The purpose of the “actual malice” standard is to leave wide latitude for errant statements, which free public debate obviously requires. Sunstein thinks that room-for error stuff is given too much weight. He’d like it to see errant statements expunged. From Sunstein’s 2009 book On Rumors (page 78):

On the Internet in particular, people might have a right to ‘notice and take down.’ [T]hose who run websites would be obliged to take down falsehoods upon notice.

Further, “propagators” would face a “liability to establish what is actually true” (ibid).

Suppose you are a simple public-spirited blogger, trying to expose how Michael Mann, Phil Jones, Tom Wigley, and other Team members conspire to suppress the research and destroy the careers of those who challenge their consensus views. If Sunstein gets his way, Team members will only have to issue you a takedown notice, and if you want your post to stay up, you’ll have to go to court and win a judgment that your version of events is correct.

Today that should be doable, at great expense. But before the first and second batches of climategate emails were released there were only tales of retaliation, with one person’s word against another’s. Thus at the most critical juncture, when documentary proofs of The Team’s vendettas were not yet public, even a person who was willing to run Sunstein’s legal gauntlet might well have been held by a judge to be in error.

Escalation

The path from Sunstein’s 2008 “Conspiracy Theories” article to his 2009 On Rumors book is straightforward. According to Sunstein’s 2008 definition, a conspiracy theory is very close to a potentially libelous rumor:

… a conspiracy theory can generally be counted as such if it is an effort to explain some event or practice by reference to the machinations of powerful people, who have also managed to conceal their role. [Abstract]

At this time, Sunstein’s “main policy idea” was that:

government should engage in cognitive infiltration of the groups that produce conspiracy theories….

… government agents or their allies (acting either virtually or in real space, and either openly or anonymously) will undermine the crippled epistemology of those who subscribe to such theories. [“Conspiracy Theories,” pages 14-15]

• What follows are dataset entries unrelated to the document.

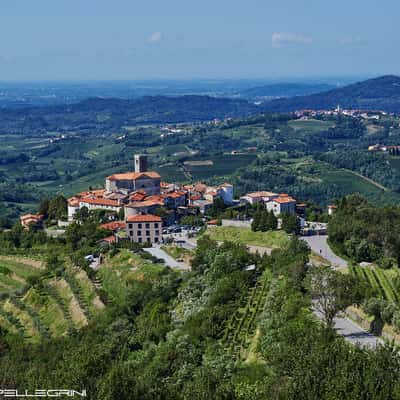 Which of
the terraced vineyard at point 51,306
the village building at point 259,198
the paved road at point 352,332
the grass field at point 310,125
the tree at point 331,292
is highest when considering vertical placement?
the tree at point 331,292

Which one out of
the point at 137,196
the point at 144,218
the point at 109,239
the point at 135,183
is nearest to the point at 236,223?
the point at 144,218

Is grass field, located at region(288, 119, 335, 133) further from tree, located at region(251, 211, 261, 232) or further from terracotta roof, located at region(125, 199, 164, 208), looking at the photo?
tree, located at region(251, 211, 261, 232)

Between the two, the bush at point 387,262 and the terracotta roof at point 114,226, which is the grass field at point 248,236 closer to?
the terracotta roof at point 114,226

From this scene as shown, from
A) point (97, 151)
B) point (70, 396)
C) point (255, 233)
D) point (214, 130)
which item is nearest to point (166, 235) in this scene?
point (255, 233)

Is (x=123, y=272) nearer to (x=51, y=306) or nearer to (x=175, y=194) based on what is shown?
(x=51, y=306)

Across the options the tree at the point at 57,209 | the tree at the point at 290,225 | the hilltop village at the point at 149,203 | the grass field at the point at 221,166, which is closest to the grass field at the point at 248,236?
the tree at the point at 290,225

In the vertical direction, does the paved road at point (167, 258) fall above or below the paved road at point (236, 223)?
below

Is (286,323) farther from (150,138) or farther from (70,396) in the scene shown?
(150,138) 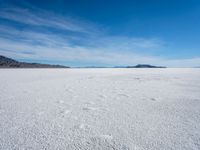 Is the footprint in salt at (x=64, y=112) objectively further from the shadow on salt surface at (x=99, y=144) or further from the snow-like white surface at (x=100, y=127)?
the shadow on salt surface at (x=99, y=144)

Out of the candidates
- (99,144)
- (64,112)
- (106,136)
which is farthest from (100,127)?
(64,112)

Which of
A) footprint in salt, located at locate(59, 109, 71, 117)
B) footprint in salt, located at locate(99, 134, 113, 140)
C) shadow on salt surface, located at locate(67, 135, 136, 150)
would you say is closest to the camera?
shadow on salt surface, located at locate(67, 135, 136, 150)

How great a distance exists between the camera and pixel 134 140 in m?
1.35

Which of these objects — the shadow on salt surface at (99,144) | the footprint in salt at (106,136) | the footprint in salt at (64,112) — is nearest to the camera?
the shadow on salt surface at (99,144)

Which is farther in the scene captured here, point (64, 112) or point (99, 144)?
point (64, 112)

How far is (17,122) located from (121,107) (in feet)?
5.20

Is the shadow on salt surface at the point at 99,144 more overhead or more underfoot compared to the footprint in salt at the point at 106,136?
more underfoot

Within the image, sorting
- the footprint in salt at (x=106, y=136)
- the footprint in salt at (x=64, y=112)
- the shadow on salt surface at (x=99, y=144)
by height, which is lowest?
the shadow on salt surface at (x=99, y=144)

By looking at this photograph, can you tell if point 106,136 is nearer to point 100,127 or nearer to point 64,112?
point 100,127

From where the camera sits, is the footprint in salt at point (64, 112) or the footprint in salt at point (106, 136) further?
the footprint in salt at point (64, 112)

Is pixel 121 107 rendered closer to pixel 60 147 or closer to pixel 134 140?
pixel 134 140

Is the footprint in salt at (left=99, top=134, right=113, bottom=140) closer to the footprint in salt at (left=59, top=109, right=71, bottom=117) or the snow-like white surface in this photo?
the snow-like white surface

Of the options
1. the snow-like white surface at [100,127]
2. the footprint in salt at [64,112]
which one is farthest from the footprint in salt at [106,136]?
the footprint in salt at [64,112]

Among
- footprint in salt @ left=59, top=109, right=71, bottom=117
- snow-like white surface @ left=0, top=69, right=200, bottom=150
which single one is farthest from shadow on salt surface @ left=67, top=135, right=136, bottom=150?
footprint in salt @ left=59, top=109, right=71, bottom=117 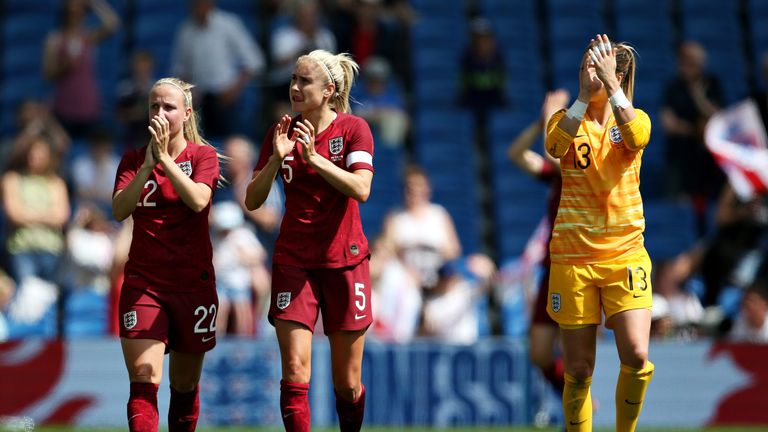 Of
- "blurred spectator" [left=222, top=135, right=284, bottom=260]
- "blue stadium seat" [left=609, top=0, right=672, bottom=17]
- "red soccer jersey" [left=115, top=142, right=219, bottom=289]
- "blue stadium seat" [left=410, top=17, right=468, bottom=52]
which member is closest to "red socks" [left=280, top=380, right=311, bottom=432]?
"red soccer jersey" [left=115, top=142, right=219, bottom=289]

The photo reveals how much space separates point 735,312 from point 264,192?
679 centimetres

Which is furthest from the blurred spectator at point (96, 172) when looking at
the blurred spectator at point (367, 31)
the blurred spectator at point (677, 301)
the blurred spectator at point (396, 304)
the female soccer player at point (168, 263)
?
the female soccer player at point (168, 263)

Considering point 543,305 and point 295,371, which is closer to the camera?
point 295,371

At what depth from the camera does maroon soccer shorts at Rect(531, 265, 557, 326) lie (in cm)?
875

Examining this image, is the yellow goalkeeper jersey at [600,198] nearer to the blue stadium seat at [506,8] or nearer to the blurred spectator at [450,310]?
the blurred spectator at [450,310]

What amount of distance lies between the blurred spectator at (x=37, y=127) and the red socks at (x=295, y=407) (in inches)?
259

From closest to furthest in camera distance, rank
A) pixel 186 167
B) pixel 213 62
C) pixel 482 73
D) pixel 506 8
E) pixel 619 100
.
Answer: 1. pixel 619 100
2. pixel 186 167
3. pixel 213 62
4. pixel 482 73
5. pixel 506 8

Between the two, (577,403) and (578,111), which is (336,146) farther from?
(577,403)

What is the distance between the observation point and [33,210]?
1241 cm

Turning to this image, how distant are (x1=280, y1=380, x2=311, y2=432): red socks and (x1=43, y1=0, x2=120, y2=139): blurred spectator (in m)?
8.11

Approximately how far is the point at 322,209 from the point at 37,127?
6756 mm

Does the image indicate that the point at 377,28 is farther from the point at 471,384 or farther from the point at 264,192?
the point at 264,192

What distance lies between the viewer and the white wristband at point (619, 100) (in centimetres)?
675

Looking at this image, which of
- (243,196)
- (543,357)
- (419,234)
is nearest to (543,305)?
(543,357)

Government funding of trolls? Sounds like a bad joke, but Sunstein quickly upped the ante. In On Rumors he followed the conspiracy theory as slanderous rumor angle as a way to justify adopting the “notice and take down” artillery from copyright law. So Sunstein already has a history of escalation in his legal crusade against ideas he does not like. If SOPA and PIPA are enacted and the machinery of copyright protection becomes vastly more censorious, its pretty much a certainty that Sunstein will want to use these more powerful tools against rumors and conspiracy theories as well.

Sunstein’s target has always been the very core of the First Amendment: the most protected political speech

In On Rumors, the rumor that Sunstein seems most intent on suppressing is the accusation, leveled during the 2008 election campaign, that Barack Obama “pals around with terrorists.” (“Look Inside” page 3.) Sunstein fails to note that the “palling around with terrorists” language was introduced by the opposing vice presidential candidate, Governor Sarah Palin (who was implicating Obama’s relationship with domestic terrorist Bill Ayers). Instead Sunstein focuses his ire on “right wing websites” that make “hateful remarks about the alleged relationship between Barack Obama and the former radical Bill Ayers,” singling out Sean Hannity for making hay out of Obama’s “alleged associations” (pages 13-14).

What could possibly be more important than whether a candidate for president does indeed “pal around with terrorists”? Of all the subjects to declare off limits, this one is right up there with whether the anti-CO2 alarmists who are trying to unplug the modern world are telling the truth. And Sunstein’s own bias on the matter could hardly be more blatant. Bill Ayers is a “former” radical? Bill “I don’t regret setting bombs” Ayers? Bill “we didn’t do enough” Ayers?

For the facts of the Obama-Ayers relationship, Sunstein apparently accepts Obama’s campaign dismissal of Ayers as just “a guy who lives in my neighborhood.” In fact their relationship was long and deep. Obama’s political career was launched via a fundraiser in Bill Ayers’ living room; Obama was appointed the first chairman of the Ayers-founded Annenberg Challenge, almost certainly at Ayers’ request; Ayers and Obama served together on the board of the Woods Foundation, distributing money to radical left-wing causes; and it has now been reported by full-access White House biographer Christopher Andersen (and confirmed by Bill Ayers) that Ayers actually ghost wrote Obama’s first book Dreams of My Father.

Whenever free speech is attacked, the real purpose is to cover up the truth. Not that Sunstein himself knows the truth about anything. He just knows what he wants to suppress, which is exactly why government must never have this power.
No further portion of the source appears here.